L'homme d'affaires Laurent Gaudreau, qui a notamment participé à la production de la série Omerta, a vécu pendant deux ans une relation d'affaires particulièrement tumultueuse avec la SOLIM, bras immobilier de la FTQ.

«J'ai été sur toutes sortes de conseils d'administration, je n'ai jamais vu de telles horreurs... Souvent, en produisant Omerta, je me disais qu'on exagérait, mais la réalité dépasse la fiction», raconte-t-il dans un entretien accordé à La Presse.

Un projet de salle de spectacle dans la région de Québec est au coeur du problème. L'idée a pourtant été jugée assez sérieuse pour obtenir une subvention de 300 000$ du ministère du Tourisme du Québec.

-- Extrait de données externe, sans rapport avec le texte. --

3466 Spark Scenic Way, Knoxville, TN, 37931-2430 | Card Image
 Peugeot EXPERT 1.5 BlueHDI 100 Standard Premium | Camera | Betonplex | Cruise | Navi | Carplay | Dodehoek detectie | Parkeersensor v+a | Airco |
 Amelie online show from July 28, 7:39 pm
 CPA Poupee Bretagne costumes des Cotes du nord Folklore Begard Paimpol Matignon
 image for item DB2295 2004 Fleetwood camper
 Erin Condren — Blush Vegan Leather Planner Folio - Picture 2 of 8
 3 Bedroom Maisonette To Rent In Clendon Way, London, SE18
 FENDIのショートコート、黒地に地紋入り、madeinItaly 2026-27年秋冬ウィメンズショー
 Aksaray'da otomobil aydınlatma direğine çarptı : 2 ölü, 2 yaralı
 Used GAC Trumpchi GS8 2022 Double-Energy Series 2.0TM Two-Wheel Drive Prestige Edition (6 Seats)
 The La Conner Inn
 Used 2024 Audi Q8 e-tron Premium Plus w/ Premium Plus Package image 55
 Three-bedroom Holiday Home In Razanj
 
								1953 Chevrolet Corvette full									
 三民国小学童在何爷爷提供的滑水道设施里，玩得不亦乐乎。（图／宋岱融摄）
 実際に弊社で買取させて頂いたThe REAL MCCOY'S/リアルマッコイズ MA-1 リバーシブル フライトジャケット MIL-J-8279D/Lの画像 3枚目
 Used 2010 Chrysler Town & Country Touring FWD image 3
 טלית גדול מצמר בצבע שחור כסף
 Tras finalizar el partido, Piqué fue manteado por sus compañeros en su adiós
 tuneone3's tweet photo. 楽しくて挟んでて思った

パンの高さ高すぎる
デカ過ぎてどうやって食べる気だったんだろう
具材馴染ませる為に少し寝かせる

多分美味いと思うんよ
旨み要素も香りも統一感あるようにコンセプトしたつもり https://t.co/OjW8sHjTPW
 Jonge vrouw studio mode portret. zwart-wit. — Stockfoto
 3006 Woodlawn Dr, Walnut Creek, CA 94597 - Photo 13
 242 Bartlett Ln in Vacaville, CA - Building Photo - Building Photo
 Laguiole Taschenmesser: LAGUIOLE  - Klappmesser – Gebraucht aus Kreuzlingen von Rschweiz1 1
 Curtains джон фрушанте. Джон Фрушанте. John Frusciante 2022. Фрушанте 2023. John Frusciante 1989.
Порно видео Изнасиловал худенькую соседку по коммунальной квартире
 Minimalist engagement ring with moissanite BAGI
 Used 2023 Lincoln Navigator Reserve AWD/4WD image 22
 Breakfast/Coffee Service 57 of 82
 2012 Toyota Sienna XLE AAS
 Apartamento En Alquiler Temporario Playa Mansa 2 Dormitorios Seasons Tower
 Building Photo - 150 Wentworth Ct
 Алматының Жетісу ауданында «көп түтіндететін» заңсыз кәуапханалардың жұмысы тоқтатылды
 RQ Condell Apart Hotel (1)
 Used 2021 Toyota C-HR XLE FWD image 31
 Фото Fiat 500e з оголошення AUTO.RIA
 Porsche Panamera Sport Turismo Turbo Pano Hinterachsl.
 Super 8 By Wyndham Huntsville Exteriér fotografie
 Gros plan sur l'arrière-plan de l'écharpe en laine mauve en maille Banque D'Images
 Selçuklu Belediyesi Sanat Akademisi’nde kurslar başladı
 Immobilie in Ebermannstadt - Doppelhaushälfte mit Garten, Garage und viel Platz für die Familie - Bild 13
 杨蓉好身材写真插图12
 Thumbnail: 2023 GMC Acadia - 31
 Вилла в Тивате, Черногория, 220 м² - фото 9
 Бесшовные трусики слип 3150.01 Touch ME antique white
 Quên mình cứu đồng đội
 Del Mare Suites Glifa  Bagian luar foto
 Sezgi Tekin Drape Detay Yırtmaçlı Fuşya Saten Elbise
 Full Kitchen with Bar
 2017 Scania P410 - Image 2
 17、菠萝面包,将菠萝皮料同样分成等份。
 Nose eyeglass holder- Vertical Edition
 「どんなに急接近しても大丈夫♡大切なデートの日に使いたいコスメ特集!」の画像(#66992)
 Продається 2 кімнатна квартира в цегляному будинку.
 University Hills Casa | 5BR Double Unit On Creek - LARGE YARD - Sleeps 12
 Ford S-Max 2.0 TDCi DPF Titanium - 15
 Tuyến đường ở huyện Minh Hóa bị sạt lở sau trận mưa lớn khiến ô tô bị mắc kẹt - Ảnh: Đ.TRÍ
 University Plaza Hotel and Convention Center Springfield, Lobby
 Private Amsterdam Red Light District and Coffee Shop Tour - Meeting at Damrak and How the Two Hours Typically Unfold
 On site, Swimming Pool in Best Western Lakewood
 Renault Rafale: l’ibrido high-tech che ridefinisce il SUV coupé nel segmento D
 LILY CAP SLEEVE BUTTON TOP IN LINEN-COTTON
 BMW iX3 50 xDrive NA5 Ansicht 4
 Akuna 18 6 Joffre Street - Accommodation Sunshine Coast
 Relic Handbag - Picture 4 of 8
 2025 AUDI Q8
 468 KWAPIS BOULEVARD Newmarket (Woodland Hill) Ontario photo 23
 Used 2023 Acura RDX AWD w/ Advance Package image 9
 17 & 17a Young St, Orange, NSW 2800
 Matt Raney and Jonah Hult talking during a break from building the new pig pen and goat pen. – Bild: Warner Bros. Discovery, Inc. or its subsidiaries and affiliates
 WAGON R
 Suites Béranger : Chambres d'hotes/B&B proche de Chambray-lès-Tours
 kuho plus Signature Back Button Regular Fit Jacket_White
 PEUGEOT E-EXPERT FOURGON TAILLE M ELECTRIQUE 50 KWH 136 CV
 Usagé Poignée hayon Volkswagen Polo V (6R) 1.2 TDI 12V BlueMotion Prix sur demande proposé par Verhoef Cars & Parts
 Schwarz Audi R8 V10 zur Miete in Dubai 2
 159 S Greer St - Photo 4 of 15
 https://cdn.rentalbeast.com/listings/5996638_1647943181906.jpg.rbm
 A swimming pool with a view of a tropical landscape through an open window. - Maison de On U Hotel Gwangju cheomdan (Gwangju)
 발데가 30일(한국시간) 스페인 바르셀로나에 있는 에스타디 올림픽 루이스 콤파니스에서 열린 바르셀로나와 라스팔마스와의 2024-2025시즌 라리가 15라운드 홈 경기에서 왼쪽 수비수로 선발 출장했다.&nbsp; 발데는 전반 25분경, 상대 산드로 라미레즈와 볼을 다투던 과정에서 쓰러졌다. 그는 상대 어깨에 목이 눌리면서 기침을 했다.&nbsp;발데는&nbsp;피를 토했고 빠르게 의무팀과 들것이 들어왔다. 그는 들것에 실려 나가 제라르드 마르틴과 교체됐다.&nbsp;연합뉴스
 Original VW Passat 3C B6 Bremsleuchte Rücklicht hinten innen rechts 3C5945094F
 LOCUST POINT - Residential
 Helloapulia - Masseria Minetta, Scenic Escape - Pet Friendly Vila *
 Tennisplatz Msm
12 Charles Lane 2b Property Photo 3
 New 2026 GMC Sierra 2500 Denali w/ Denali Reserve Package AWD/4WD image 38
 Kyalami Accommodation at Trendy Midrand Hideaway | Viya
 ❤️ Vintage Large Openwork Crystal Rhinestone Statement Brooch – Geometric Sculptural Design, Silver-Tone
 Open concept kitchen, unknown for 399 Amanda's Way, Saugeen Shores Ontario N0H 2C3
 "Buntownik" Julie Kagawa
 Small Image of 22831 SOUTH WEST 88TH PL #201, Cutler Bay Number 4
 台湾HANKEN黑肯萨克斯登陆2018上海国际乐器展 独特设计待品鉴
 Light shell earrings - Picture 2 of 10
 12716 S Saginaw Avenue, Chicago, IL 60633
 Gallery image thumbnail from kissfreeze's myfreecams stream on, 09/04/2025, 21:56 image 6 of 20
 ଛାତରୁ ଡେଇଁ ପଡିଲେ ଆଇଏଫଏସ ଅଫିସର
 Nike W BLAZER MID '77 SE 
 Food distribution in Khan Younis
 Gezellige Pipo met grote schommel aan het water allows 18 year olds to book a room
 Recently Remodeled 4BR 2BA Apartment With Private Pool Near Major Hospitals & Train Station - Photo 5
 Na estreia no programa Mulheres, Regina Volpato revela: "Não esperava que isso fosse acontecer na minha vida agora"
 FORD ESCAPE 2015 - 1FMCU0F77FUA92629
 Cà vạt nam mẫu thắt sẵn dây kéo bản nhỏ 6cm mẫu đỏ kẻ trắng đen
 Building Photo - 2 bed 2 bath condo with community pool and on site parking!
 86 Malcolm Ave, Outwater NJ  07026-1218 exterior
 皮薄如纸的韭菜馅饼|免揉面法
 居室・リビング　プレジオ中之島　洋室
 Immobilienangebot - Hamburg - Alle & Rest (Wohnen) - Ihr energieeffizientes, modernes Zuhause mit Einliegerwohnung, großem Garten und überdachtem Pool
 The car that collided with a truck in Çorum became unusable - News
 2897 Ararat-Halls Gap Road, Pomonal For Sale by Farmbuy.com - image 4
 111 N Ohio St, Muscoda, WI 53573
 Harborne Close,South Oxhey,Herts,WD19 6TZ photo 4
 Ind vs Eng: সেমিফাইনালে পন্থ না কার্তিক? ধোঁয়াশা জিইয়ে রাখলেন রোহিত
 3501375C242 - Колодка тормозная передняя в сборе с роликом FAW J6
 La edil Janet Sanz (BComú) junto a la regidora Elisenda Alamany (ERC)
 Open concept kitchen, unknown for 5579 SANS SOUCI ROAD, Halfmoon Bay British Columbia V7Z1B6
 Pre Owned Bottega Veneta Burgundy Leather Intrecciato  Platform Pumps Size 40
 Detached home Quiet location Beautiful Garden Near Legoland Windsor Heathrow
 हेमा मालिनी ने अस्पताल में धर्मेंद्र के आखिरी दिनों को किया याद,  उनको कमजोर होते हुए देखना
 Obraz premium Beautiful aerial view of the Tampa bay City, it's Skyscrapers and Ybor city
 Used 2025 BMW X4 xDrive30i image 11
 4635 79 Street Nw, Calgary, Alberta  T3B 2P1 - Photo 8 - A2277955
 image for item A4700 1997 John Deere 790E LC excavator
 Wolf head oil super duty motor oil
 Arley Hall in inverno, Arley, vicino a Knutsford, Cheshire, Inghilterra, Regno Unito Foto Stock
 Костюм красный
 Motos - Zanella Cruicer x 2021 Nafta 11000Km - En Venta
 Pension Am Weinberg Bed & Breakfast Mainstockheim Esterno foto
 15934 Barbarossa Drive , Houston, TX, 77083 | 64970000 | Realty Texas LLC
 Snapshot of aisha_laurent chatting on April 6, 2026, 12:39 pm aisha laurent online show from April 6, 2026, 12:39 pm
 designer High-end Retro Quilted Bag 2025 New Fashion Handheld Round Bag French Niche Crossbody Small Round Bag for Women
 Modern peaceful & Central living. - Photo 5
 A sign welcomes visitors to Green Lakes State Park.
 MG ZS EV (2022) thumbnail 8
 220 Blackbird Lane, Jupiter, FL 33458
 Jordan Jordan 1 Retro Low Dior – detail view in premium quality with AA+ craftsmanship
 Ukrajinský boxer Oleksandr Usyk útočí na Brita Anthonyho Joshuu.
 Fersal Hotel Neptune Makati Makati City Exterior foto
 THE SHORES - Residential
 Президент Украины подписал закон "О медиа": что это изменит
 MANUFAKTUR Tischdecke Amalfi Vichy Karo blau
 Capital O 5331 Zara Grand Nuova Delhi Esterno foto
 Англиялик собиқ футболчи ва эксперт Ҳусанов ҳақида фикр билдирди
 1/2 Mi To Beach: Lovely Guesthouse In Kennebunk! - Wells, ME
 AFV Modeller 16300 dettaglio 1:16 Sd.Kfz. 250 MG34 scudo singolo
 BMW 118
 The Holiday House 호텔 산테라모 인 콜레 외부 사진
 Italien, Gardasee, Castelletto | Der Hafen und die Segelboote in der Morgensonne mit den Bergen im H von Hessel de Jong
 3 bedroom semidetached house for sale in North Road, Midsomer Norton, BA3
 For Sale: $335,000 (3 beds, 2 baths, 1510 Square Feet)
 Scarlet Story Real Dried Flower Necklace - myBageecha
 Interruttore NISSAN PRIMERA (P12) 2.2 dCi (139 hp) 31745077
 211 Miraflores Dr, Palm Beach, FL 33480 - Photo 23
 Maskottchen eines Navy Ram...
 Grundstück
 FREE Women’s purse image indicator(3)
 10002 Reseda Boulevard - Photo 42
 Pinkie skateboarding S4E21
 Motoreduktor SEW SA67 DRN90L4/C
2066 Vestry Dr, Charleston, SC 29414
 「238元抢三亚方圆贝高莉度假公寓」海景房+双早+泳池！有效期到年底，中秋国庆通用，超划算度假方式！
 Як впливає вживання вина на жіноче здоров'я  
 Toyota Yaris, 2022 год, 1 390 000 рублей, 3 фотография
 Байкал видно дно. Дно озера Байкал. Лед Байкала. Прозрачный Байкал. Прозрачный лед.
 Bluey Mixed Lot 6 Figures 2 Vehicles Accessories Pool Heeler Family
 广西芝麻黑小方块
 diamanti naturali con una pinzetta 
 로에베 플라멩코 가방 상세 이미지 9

Pilote d'hélicoptère et amateur de pêche, Laurent Gaudreau rencontre Jean Lavallée, président de la FTQ-Construction, lors d'une randonnée de pêche en Mauricie. M. Lavallée alors membre influent du conseil d'administration du Fonds de solidarité lui signifie que le fonds est disposé à cautionner le projet - une salle de spectacle permanente pouvant offrir une projection de 360 degrés et un spectacle multimédia sur la Nordicité, au pied des chutes Montmorency.

Denis Vincent, une bonne connaissance de M. Lavallée, devient alors l'intermédiaire entre la SOLIM et M. Gaudreau. Les choses vont si rondement qu'à l'automne 2007, la SOLIM verse 2,6 millions dans un compte conjoint avec les «Productions TIPI». Pendant toute l'année, Guy Gionet, président de la SOLIM, insiste pour que M. Vincent soit présent à chacune des réunions.

Un intermédiaire

Sans avoir mis un cent et sans aucune expertise dans l'immobilier ou le spectacle, Denis Vincent revendique et obtient, à la demande de la SOLIM, 30% des actions de l'entreprise, explique M. Gaudreau. M. Vincent est un habitué des voyages de pêche des dirigeants de la FTQ et une très bonne connaissance de Jean Lavallée qui a quitté, l'automne dernier, la présidence de la FTQ-Construction.

M. Vincent, aussi pilote d'hélicoptère, a déjà eu des «clients» peu recommandables. Selon des sources policières, il a déjà transporté des Hells Angels en juin 2000 du local de Trois-Rivières-Ouest à celui de Grand-Mère à l'occasion de la Saint-Jean. TQS avait filmé ce déplacement inusité.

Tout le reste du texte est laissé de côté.